El orgullo gay se ha convertido en una anécdota para recopilar un conjunto de corrientes oportunistas (y orgullosas) que poco o casi nada comulgan con los “valores” de la multicolor.
La idea aquí propuesta no es un juego de palabras al uso. Tampoco se trata de deslucir una fiesta sujeta al contexto actual, de manifestación vertiginosa de las emociones donde uno debe dejar claro en cada momento con su vestimenta, sus comentarios y sus actos lo que es y deja de ser, lo que le gusta y deja de gustar, con quién se acuesta y se deja de acostar.

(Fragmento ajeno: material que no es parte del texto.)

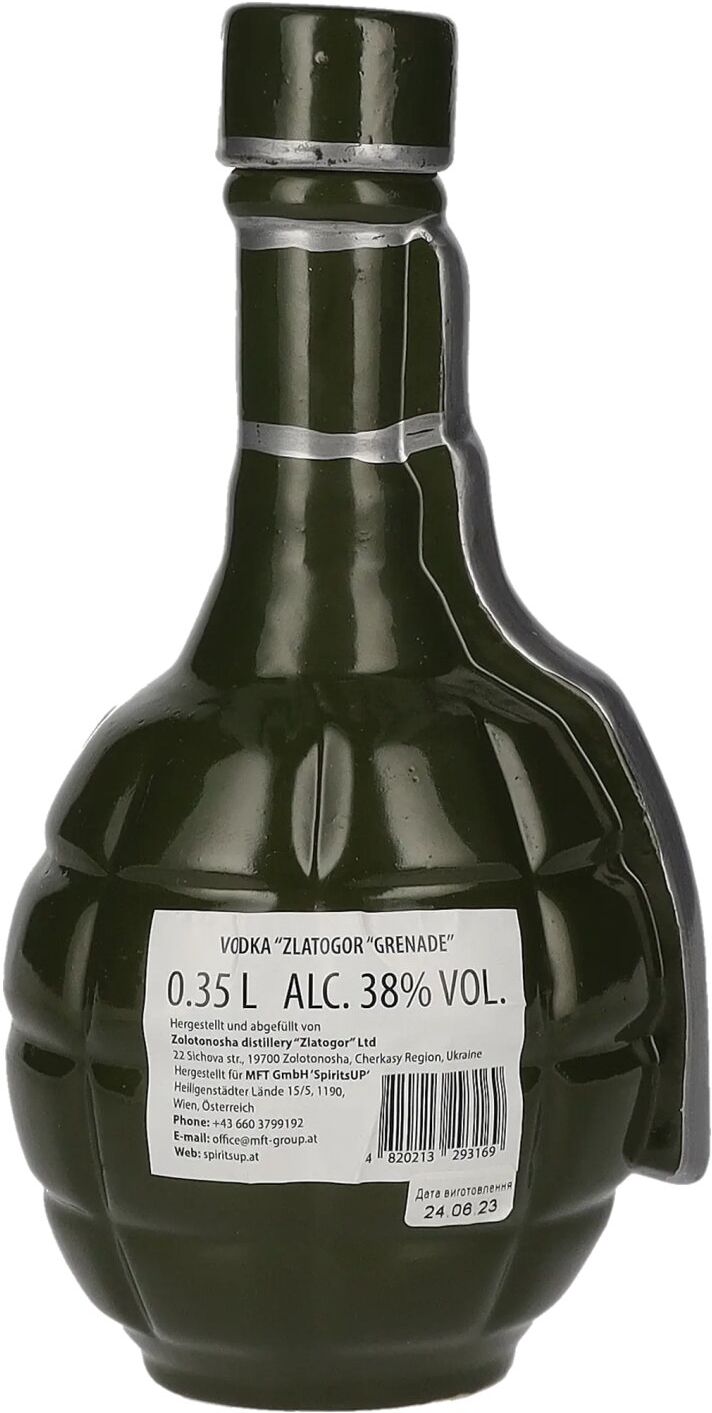 Zlatogor Vodka Zlatogor Grenade Vodka 38% Vol. 0,35l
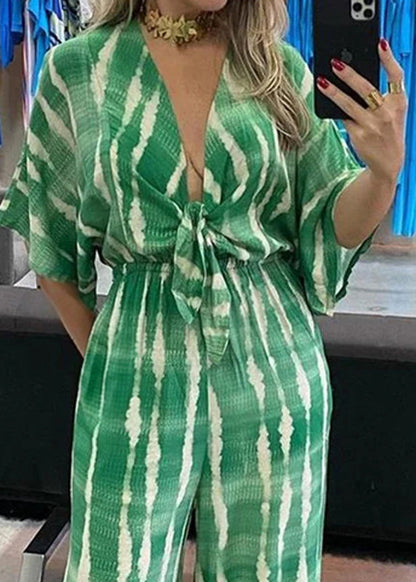 New Green V Neck Print Lace Up Cotton Jumpsuits Summer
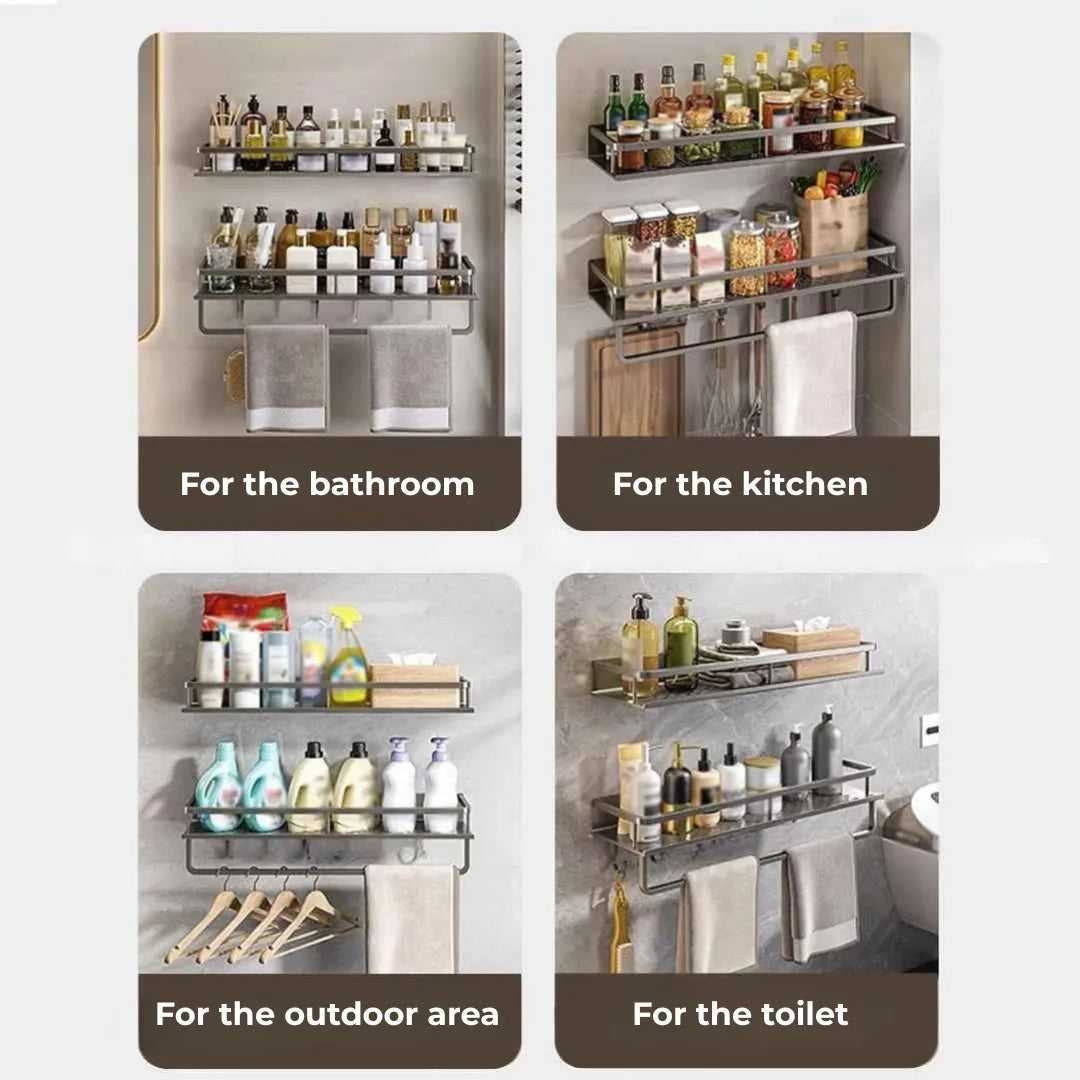 Fixed Aluminum Bathroom Shelf - Tazzi 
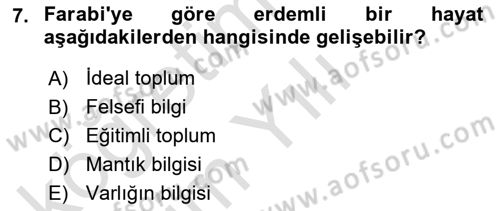 Ortaçağ Felsefesi 2 Dersi 2021 - 2022 Yılı Yaz Okulu Sınavı 7. Soru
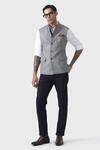Buy_Raghavendra Rathore Jodhpur_Grey Wool Refined Charm Waistcoat _at_Aza_Fashions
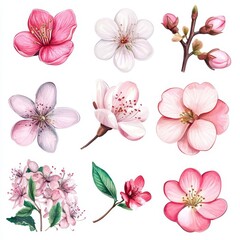 Watercolor paintings depicting beautiful and colorful spring blossoms on white backgrounds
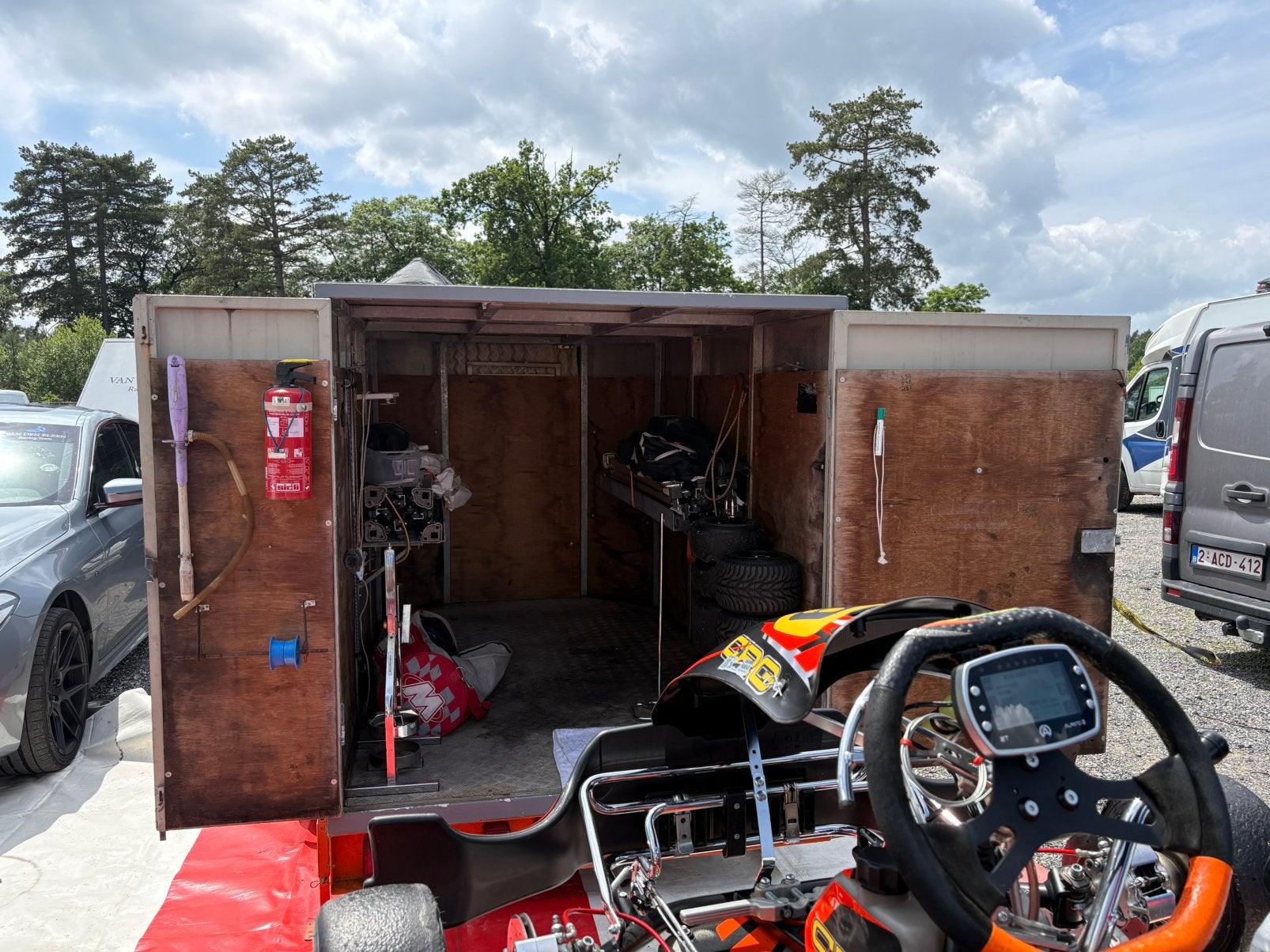 Gesloten aanhangwagen voor karting, Sport en Fitness, Karting, Ophalen, Gebruikt, Overige typen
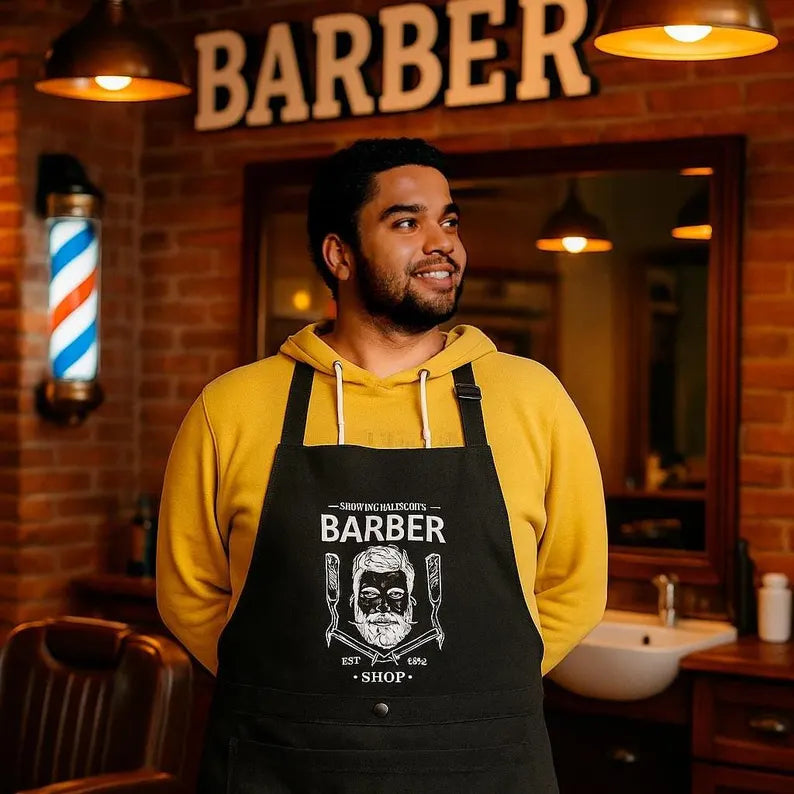 Personalized black barber apron, apron with 2 pockets, personalized service apron, adjustable apron, apron with your logo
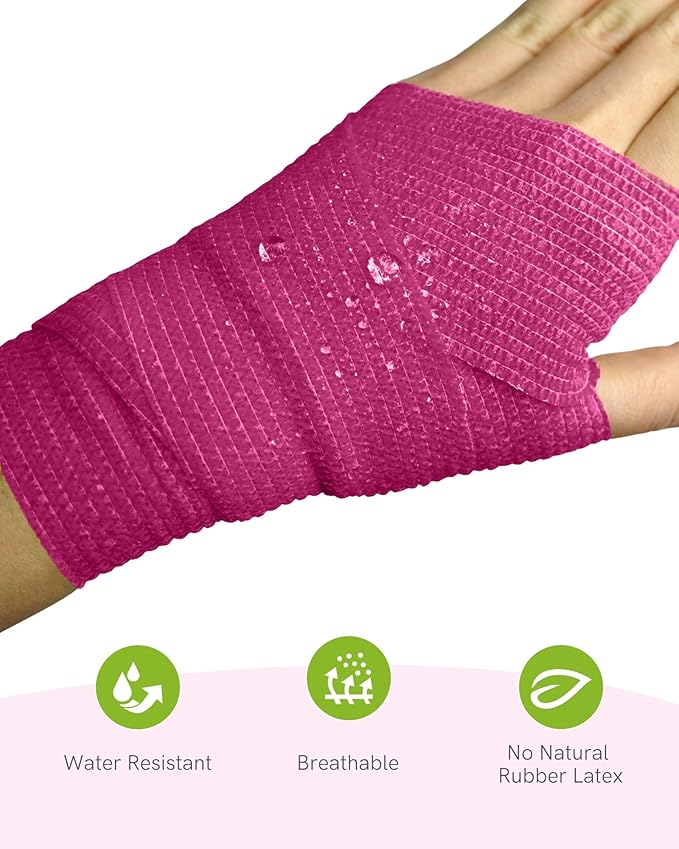 FriCARE Self Adhesive Bandage Wrap, Medical Tape in First Aid Kit, Cohesive Bandages for Wounds Sport Vet, FSA/HSA Eligible, 2 Inches X 5 Yards 6 Rolls, Magenta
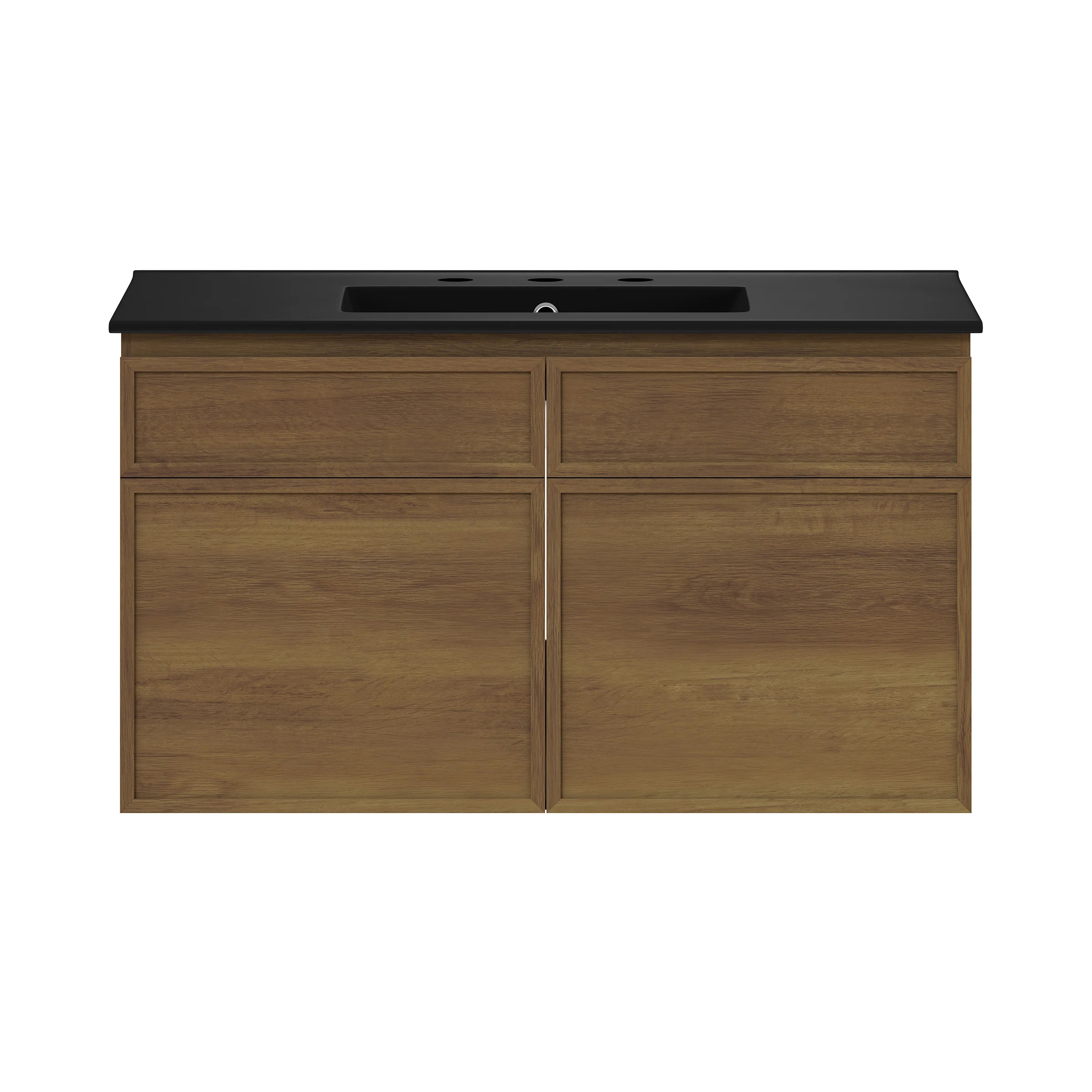 St. Tropez 36" Wall-Mounted Bathroom Vanity In Brown Oak With Black 3-Hole Widespread Sink Top | Wayfair North America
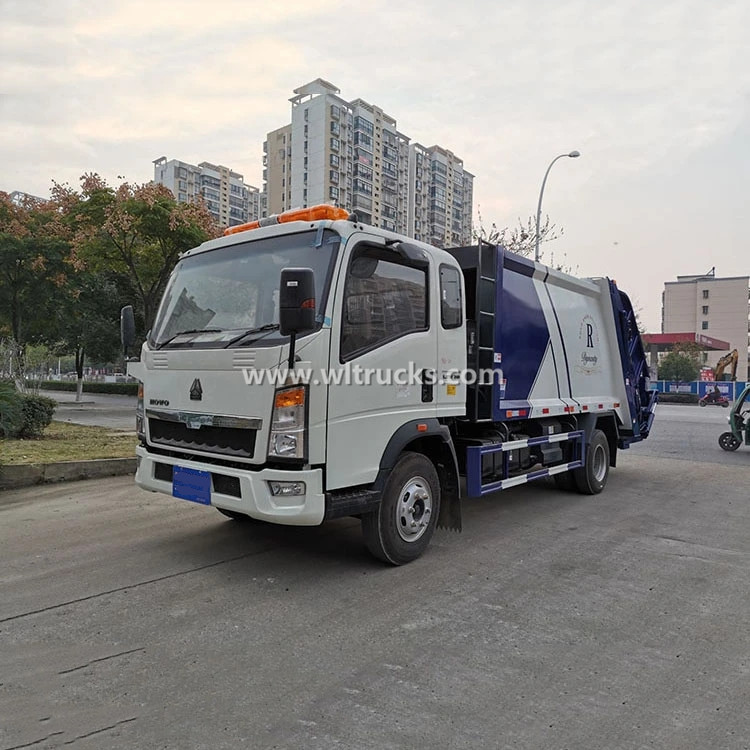 RHD HOWO 8cbm waste collection garbage compactor truck
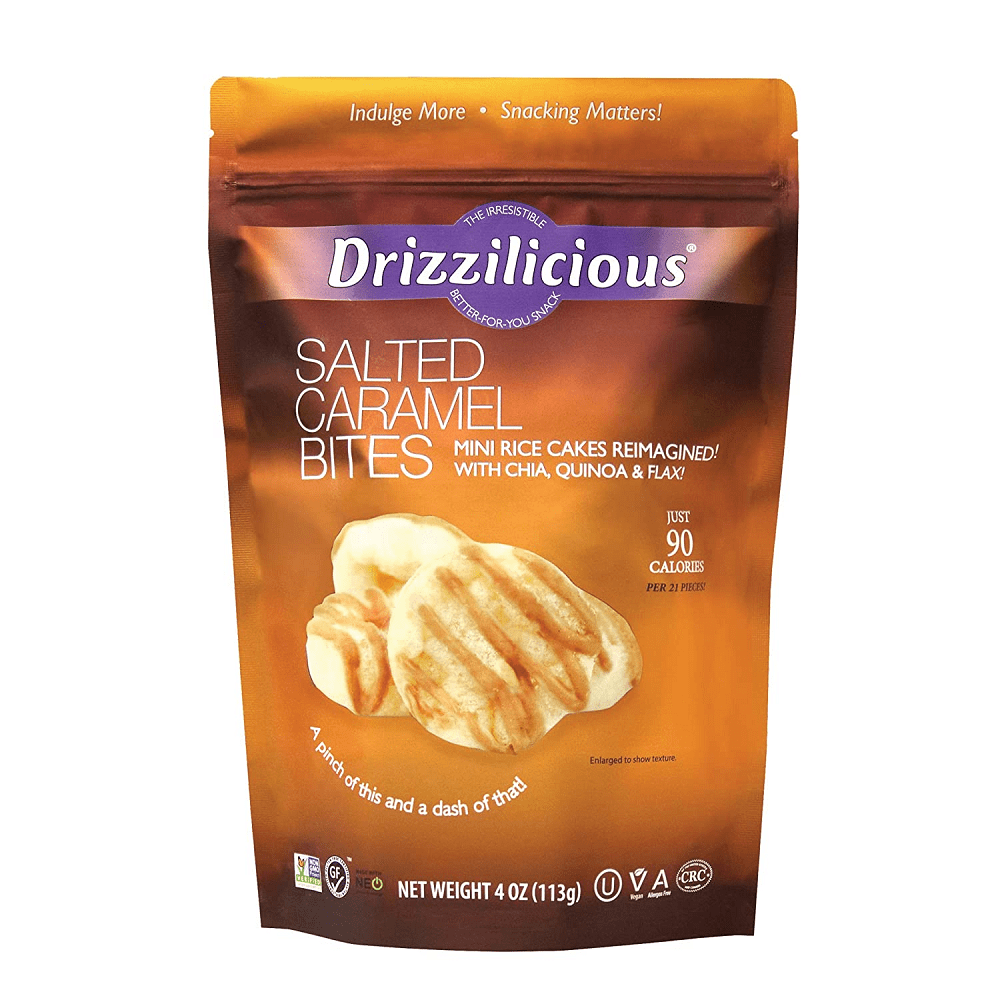 Drizzilicious Salted Caramel Bites Mini Rice Cakes, 4oz (Pack of 12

Sencillamente, este escrito trata de indicar que el orgullo gay se ha convertido en un vale anecdotario, en un peaje de juerga y manifestaciones, para recopilar un conjunto de corrientes oportunistas (y orgullosas) que poco o casi nada comulgan con los “valores” de la multicolor. Más bien ven el tirón de lo políticamente correcto, de la visibilidad del acontecimiento, como ocasión inigualable para promulgar su política o su imagen de marca. De exaltarse a sí mismos. De demostrar que, con cada tema, pueden caer siempre de pie y siempre tienen algo que decir.
Quede claro. Mis respetos a aquellos varones de edad pronunciada que durante unos días deciden sacar sus ombligueras y pelo oxigenado a la calle. Mis aplausos a las drag queen que aprovechan la ocasión para sacar modelitos de primer nivel por el empedrado de Chueca. Cada cual que se sienta con la libertad de disfrazarse como considere oportuno.
Más bien: ayuntamientos, comunidades autónomas, medios locales y plataformas de ocio universales; que buscan colgarse detrás de esta bandera una reivindicación que de por sí, aquí y ahora, es innecesaria. Maticen su presencia institucional, apoyen y favorezcan un diálogo fluido entre los que piensan diferente, muestren todas las realidades que confluyen sin resaltar y edulcorar unas por encima de otras, reconozcan la aportación de las bondades (sin exageraciones) del evento en cuestión, propongan marcos de convivencia sin discriminaciones de ningún tipo donde el odio no esté presente, donde se naturalice el ocio de todos los colectivos siempre y cuando se respete la libertad del otro y la ley.
En definitiva, que no haya tanto orgullo de ser distinto por ser distinto sino que se pueda estar orgulloso de poder vivir en igualdad de condiciones con el otro en un marco que nos garantice nuestro pleno desarrollo.
Este texto es una revisión del artículo publicado hace justo un año en esta misma página.